Evgenii Evgenevich Lansere

Lansere, Evgenii Evgen’evich

 

Born Aug. 23 (Sept. 4), 1875, in Pavlovsk, in present-day Leningrad Oblast; died Sept. 13, 1946, in Moscow. Soviet graphic artist and painter. People’s Artist of the RSFSR (1945). Son of E. A. Lansere.

Between 1892 and 1895, Lansere studied at the School of Drawing of the Society for Promotion of the Arts in St. Petersburg. He continued his training at the Colarossi and Julian academies in Paris from 1895 to 1898. Lansere was a member of the World of Art group. He taught at the Tbilisi Academy of Arts (1922–34), the Moscow Architectural Institute, and the All-Russian Academy of Arts in Leningrad (1934–38).

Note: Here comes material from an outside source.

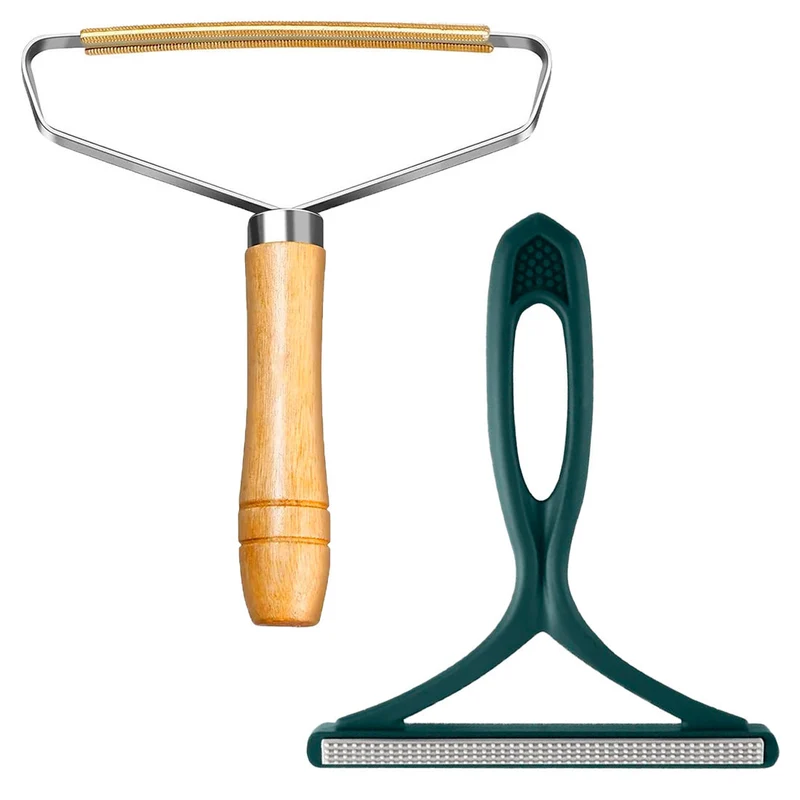 Ensemble de 2 Enleveurs de Peluches Manuelles Brosse Gratte-Peluches Portable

Influenced by A. N. Benois and K. A. Somov, Lansere shared with them a nostalgic, stylizing tendency. During the first two decades of the 20th century, he worked as a designer and illustrator of journals and books. In his graphic works he combined a baroque border or an art nouveau design with accurate depictions of historical scenes in which perspective and three-dimensionality are rendered (for example, the design of the journal Mir iskusstva; the headpieces, vignettes, and tailpieces of N. Kutepov’s Royal…Hunting in Russia, which was published in 1902, and of A. N. Benois’s Tsarskoe selo, which was published in 1910).

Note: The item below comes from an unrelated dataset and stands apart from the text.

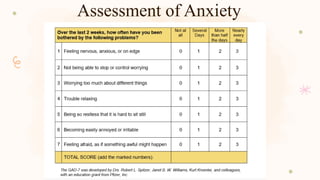 Assessment of Anxiety
 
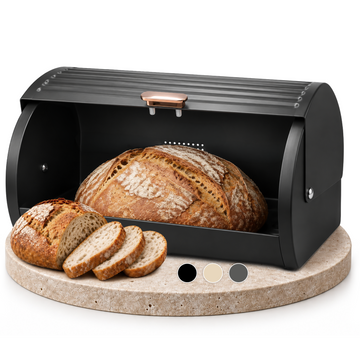 Aurea Brotkasten Metall Schwarz mit geöffnetem Rolldeckel und frischem Brot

Lansere strove to convey in a lively and convincing manner the essence of historical periods, particularly in his drawings (Ships of the Time of Peter the First, tempera, 1911, Tret’iakov Gallery; the politically incisive drawings for revolutionary journals, including Zhupel and Adskaia pochta, 1905–08). This striving also dominates his illustrations for L. N. Tolstoy’s novellas Hadji Murad (1912–41) and The Cossacks (1917–37). Lansere’s illustrations are noted for their interest in folk life and for their precision of line; however, some are executed in a softer, painterly manner, with areas of color breaking down contours.

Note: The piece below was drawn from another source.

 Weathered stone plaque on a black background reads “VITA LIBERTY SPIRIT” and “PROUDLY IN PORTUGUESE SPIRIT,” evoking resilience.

In Soviet times the realistic tendency of Lansere’s work became more pronounced. Although he continued to do book illustrations, he often turned to monumental decorative art. His monumental decorative works, marked by dynamic spatial construction, a magnificent setting, and overall grandeur, are reminiscent of 17th-and 18th-century ceiling paintings (murals at the Kazan Railroad Station, tempera and silicate pigments, 1933–34 and 1945–46; murals at the Hotel Moscow, tempera, 1937—all in Moscow).

Lansere also painted stage sets (for the stagings of Shakespeare’s Julius Caesar in 1924 and A. S. Griboedov’s Woe From Wit in 1935—both at the Malyi Theater in Moscow), made posters, and worked in industrial design. The recipient of the State Prize of the USSR in 1943, he was also awarded two orders and several medals.

REFERENCES

E. E. Lansere: Katalog vystavki… Moscow, 1961.
Podobedova, O. I. E. E. Lansere: 1875–1946. Moscow, 1961.